Antigamente, quando um indivíduo tinha de andar numa cadeira de rodas por exemplo ficava em casa com vergonha. Cada vez mais, as pessoas, mesmo com problemas sérios de locomoção querem sair, desejam aceder livre e autonomamente aos locais, e é assim que deve ser. Por isso, digo-vos com toda a frontalidade que não concebo como é que nos dias de hoje, ainda há quem ponha a estética à frente da acessibilidade. É uma atitude, uma forma de agir e de pensar imperdoável que tem de ser combatida e repudiada com todas as nossas forças.
Por isso, das duas uma, ou as entidades formam os seus técnicos dando-lhes a conhecer as boas práticas de acessibilidade e mais importante a legislação que existe, ou então recorrem a consultores externos (área em que a acapo tem créditos perfeitamente firmados) com o objectivo de elaborar um plano de acessibilidade para cada obra, e naturalmente verificar se o mesmo está a ser executado,, porque isso é que é o mais importante.
É que todos nós sabemos que não faltam estudos de mobilidade, em que em teoria as coisas até estão pensadas, mas na prática acabam por não ser postas em prática.
Ou seja, o que se pretende de grosso modo é profissionalizar a acessibilidade, e integrá-la de raiz em tudo o que se faz.
O jornal britânico The Guardian, na sua edição de ontem, considerou Braga como a cidade mais encantadora de Portugal.
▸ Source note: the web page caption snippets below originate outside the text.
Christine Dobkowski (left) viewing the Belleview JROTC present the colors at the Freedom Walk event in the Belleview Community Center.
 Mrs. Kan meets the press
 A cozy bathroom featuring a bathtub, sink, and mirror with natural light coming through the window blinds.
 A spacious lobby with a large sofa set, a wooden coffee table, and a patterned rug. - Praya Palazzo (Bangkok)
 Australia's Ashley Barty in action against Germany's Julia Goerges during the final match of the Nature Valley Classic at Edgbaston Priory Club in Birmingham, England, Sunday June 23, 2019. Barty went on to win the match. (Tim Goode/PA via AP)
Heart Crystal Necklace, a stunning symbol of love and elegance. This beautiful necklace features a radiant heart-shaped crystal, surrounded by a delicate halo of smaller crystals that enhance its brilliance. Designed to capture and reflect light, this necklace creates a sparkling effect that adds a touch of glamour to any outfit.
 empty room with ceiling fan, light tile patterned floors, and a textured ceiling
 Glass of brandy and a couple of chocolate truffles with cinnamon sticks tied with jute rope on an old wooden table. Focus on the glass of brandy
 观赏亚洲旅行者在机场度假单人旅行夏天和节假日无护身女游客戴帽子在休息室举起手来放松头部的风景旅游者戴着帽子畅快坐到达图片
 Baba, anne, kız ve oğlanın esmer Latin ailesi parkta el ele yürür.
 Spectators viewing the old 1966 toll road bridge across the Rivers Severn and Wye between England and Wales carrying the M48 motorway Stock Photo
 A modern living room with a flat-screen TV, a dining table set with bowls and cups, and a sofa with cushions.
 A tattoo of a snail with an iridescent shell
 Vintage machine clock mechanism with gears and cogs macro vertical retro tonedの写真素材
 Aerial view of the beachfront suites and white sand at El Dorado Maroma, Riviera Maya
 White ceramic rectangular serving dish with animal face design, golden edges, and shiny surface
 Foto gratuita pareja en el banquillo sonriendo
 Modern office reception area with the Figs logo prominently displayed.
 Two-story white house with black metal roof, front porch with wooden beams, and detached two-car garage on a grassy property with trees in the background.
Eu acho que nos devemos preocupar em fazer também com que braga seja a cidade mais acessível de Portugal.
Ou então que tal, fazermos de Braga a cidade mais acolhedora e inclusiva da Europa. Que grande desígnio. Não acham?
Também deixem-me dizer-vos que não fica mal reconhecermos que nós, enquanto pessoas responsáveis por associações de e para deficientes também não temos feito tudo como deve de ser. Creio que há muitos problemas que são transversais a muitas deficiências, e que deviam ser alvo de uma estratégia muito mais concertada entre as diferentes associações, porque todos juntos seríamos muito mais credíveis, e ganharíamos muito mais peso institucional junto de quem realmente decide. E este aspecto para mim é fulcral em tudo aquilo que estamos a dizer.
Cada vez mais me convenço que temos de criar um loby da deficiência, para que a curto médio prazo os próprios deficientes possam assumir cargos de responsabilidade política.
E não tenho dúvidas que quando nós começarmos também a ter responsabilidade no poder de decisão, as cidades serão muito mais acessíveis, e viveremos todos bem melhor, e seremos sobre tudo muito melhor acolhidos no nosso habitat natural.